Driving large quantities of piezo discs

Thread Starter

Joeblog

Joined Jan 19, 2019
6
Hi all, first post on the forum.
I would like to drive several hundred piezoelectric buzzer discs with as little components as possible. In one polarity all the discs can be charged at once, the other polarity individual discs need to be actuated. I could use a h bridge for each buzzer but do not need the ability to actuate individually both directions.
I am wondering if anyone has a better idea than having to use a ton of h bridges.
Thanks
Joe
 

Thread Starter

Joeblog

Joined Jan 19, 2019
6
I don't understand about "polarity"?

What is the application?
What I mean by polarity is just the two leads of the piezoelectric, modelled as an unpolarized capacitor. I want to charge all of them together one way (convex) then individually charge them concave. The application is difficult to explain, in short popping tiny balls up in the air. I have successfully bench tested this and now what to drive the piezos from a mcu.
 

Thread Starter

Joeblog

Joined Jan 19, 2019
6
That looks great! thanks so much. I have replaced the NPNs with N-FETs so I can drive from a 3.3V output port expander and the top switch is a P-FET, seems to work. I want to power the circuit from a 3.7V battery and although I have made a boost circuit 3.7V->70V before I don't know where to start with making an isolated one (DC supply with center tap is the terminology?), any tips?

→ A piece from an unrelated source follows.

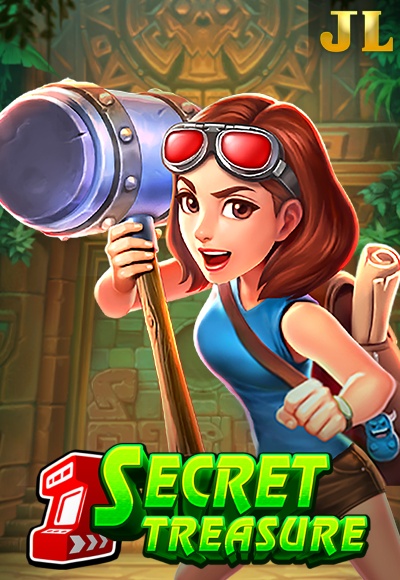 Secret Treasure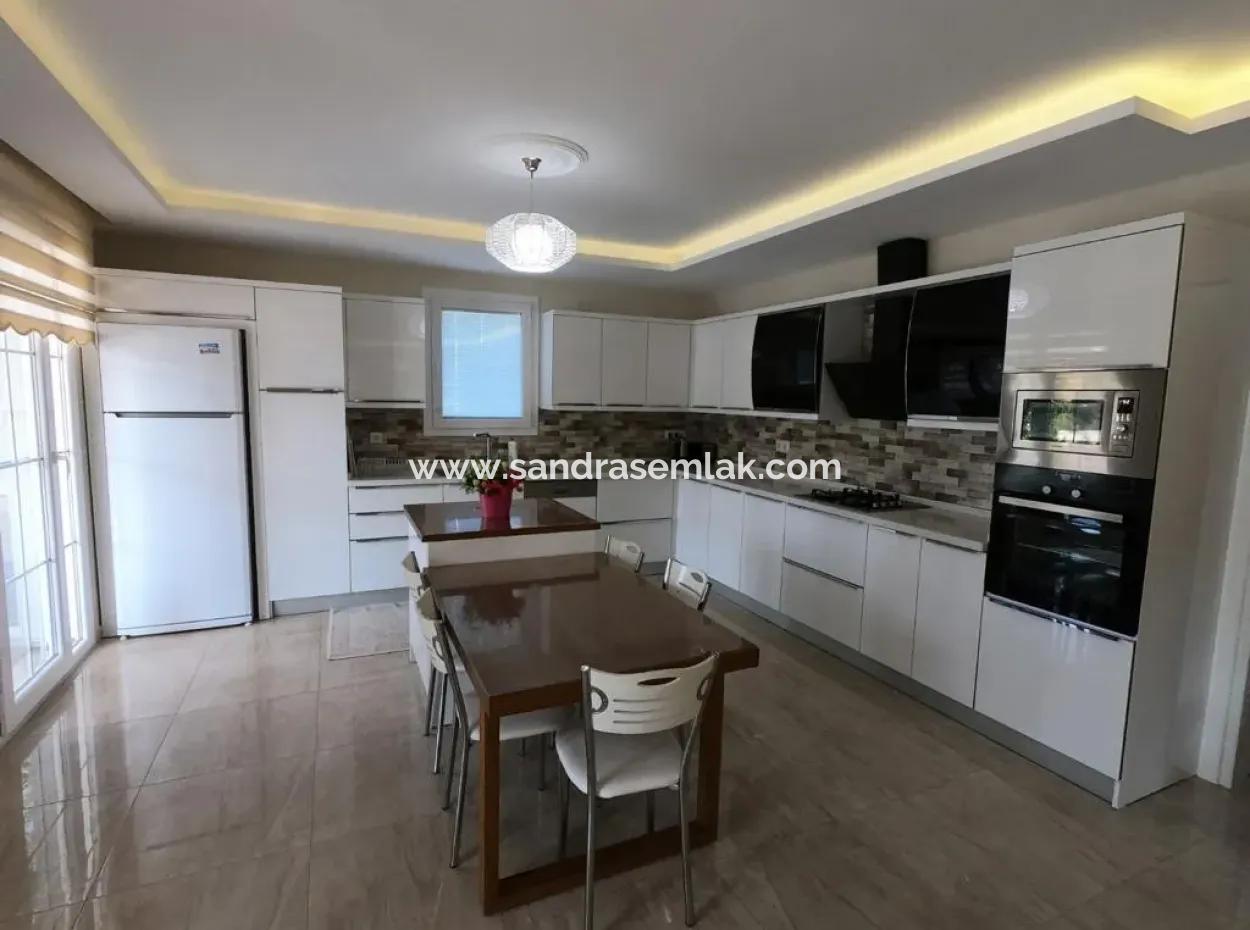 Villa Görkem Dalyan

I also had an idea that I could use an inductor instead of an isolated DC supply to reset all the piezos to a concave state when the field collapses in the inductor, couldn't quite visualize the circuit.
 

Thread Starter

Joeblog

Joined Jan 19, 2019
6
What voltage rating FETs are you using? If you're discharging a piezo from +60V down to -60V in a circuit similar to the one I posted you'd need the FETs to withstand >120V.

Isolated from what?
These ones https://uk.rs-online.com/web/p/mosfets/1655867/

I dont know the correct terminology (Dual DC supply ), Basically i'm having trouble going from a dual bench power supply to a dual boost circuit because of the common ground. 3.7V->70V Any tips?
 

Thread Starter

Joeblog

Joined Jan 19, 2019
6
Sorted, replaced the second supply with a H bridge. Seems to work, going to design an anti shoot through circuit for safety.